E poi, osservi. Ecco, ti sei svegliato, ora. Osservi. Sembri assorto nei tuoi pensieri, invece guardi attentamente tutto.
«Uhm… cosa avrà dentro la sacca quello lì?» e scruti. Un dettaglio, un filo elettrico scoperto, un qualcosa. Le fanno saltare le metropolitane, i terroristi. Dio mio, Anser, sei insopportabile.
 
Mi stai proprio in quel posto, sai?
 
Sei fuori. Respiri meglio. Oddio, nel centro di Torino non è esattamente come a casa tua. Ma sei fuori da quel budello sotterraneo.
E cosa fai? Lasciami indovinare. Un caffè. E sono cinque. Cinque caffè e dieci cucchiaini di zucchero. Poi ti lamenti della glicemia. Sei scemo, Anser. Cinque caffè e almeno una decina di sigarette. Non vivrai a lungo.
«Tanto si vive una sola volta, e avanza pure». Bella stronzata. Chissà quante ne tirerai fuori, prima di sera.
Adesso cammini più veloce.
Guardi le vetrine, la gente, le cose. Guardi. Tu non fai altro che stare a guardare.
Sei come una spugna. Incameri le cose che vedi, li, dentro il tuo cervello, da qualche parte. E le colleghi. Un dettaglio, un gesto, una qualsiasi cosa ti fa immaginare, dedurre, constatare. Sembra che tu sia distratto, invece no.
Osservi la gente, e cerchi. Non lo sai nemmeno tu quello che cerchi.
«Non me ne frega niente. Io cerco e basta». Lo dici sempre. Ma almeno trovassi qualcosa, ogni tanto, almeno!
Come quando scrivi tutte quelle balle sul viaggio. Ma chi vuoi mai che ti prenda sul serio? Ahahahah… mi ricordo: “…al largo di Tristan da Cuhna…”. Ridicolo. Ci sei mai stato tu da quelle parti, e nemmeno ci vorresti andare, poi, in fondo. Una volta scrivevi di cose serie, Anser. Adesso viaggi, tu, e quella donna che ti porti appresso, che non sai nemmeno tu chi è.
 
Fai pena, quando scrivi del viaggio, sai? Non ti sopporto. Ti odio.
 
E’ sera, adesso. Sei tornato a casa. Ringraziando dio che ti sei ricordato di dove hai parcheggiato la macchina. Ho contato i caffè. Sono undici. E trenta sigarette. Hai trovato un modo stupido per farti fuori, un modo da vigliacchi. Lentamente.

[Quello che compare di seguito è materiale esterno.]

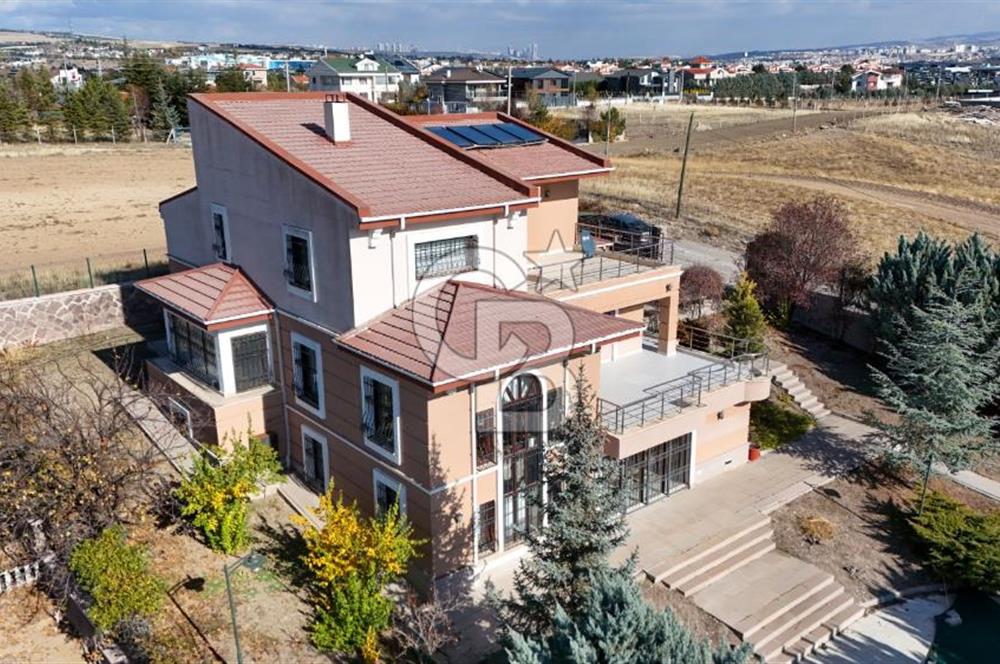 GÖLBAŞI KARŞIYAKA TAM MÜSTAKİL SATILIK 6+2 VİLLA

Hai scritto, oggi. Un mucchio di cose, che poi hai buttato via. Quante parole, quante frasi dimenticate. Magari erano roba da Nobel, e tu, che sei imbecille, le hai buttate via.
E pubblichi questa cosa qua. Ma io non ti ho autorizzato a pubblicarla, sai? Chi ti credi di essere?

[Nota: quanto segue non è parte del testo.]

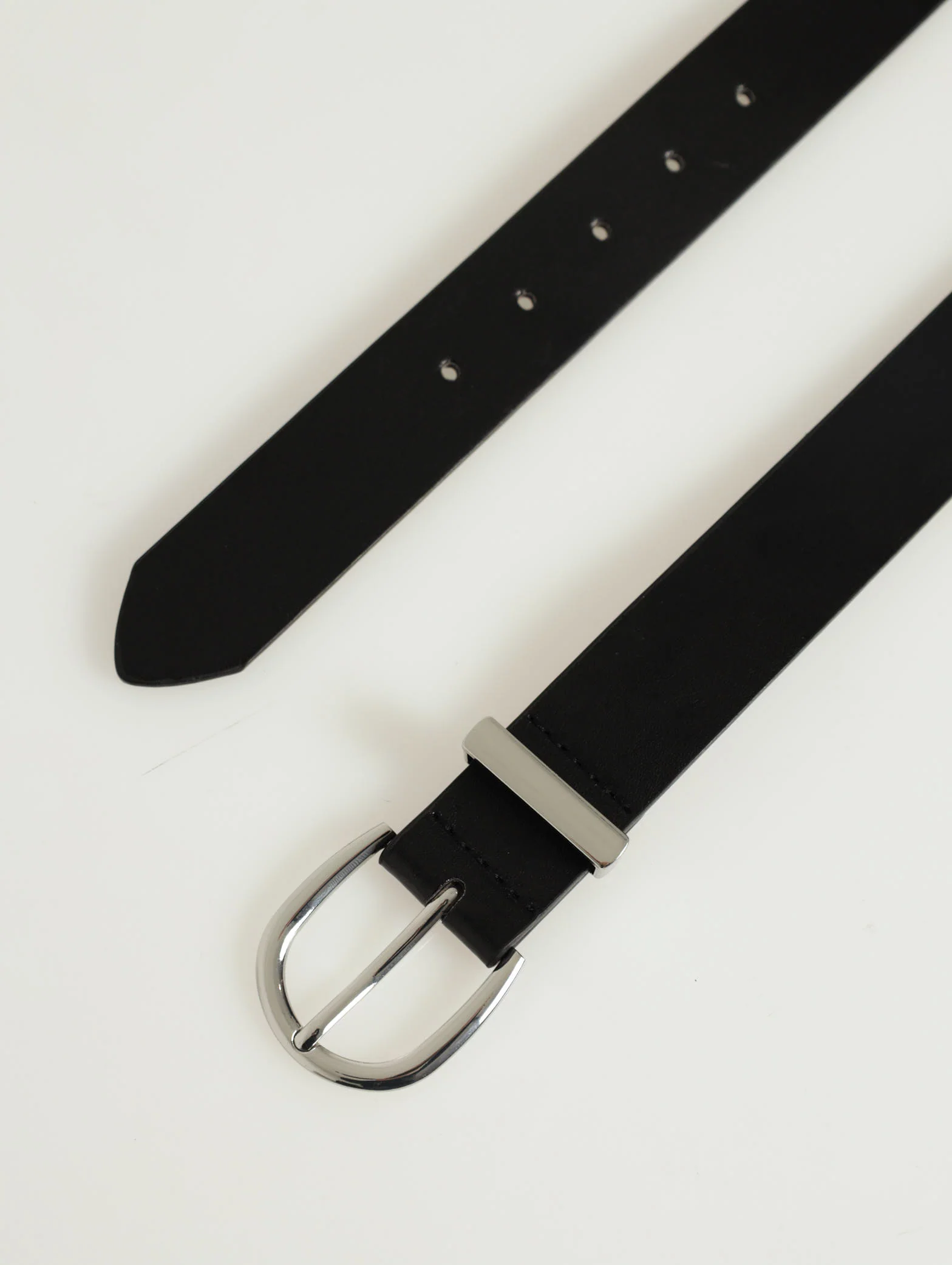 Silver Rounded Buckle & Loop Core Belt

Come ti permetti di rubarmi i pensieri? Non provarci!
Aiuto! Qualcuno mi aiuti!
Sta pubblicando le mie parole. E’ assurdo. Non l’ha scritta lui, questa cosa, l’ho scritta io! Anser, sei un maledetto copione! Non puoi prendere le mie parole, e dire che sono tue.
 
Ti odio, per questo, sai? Ti odio. Sono io che scrivo, non tu. Tu non esisti, Anser, non esisti, non sei mai esistito!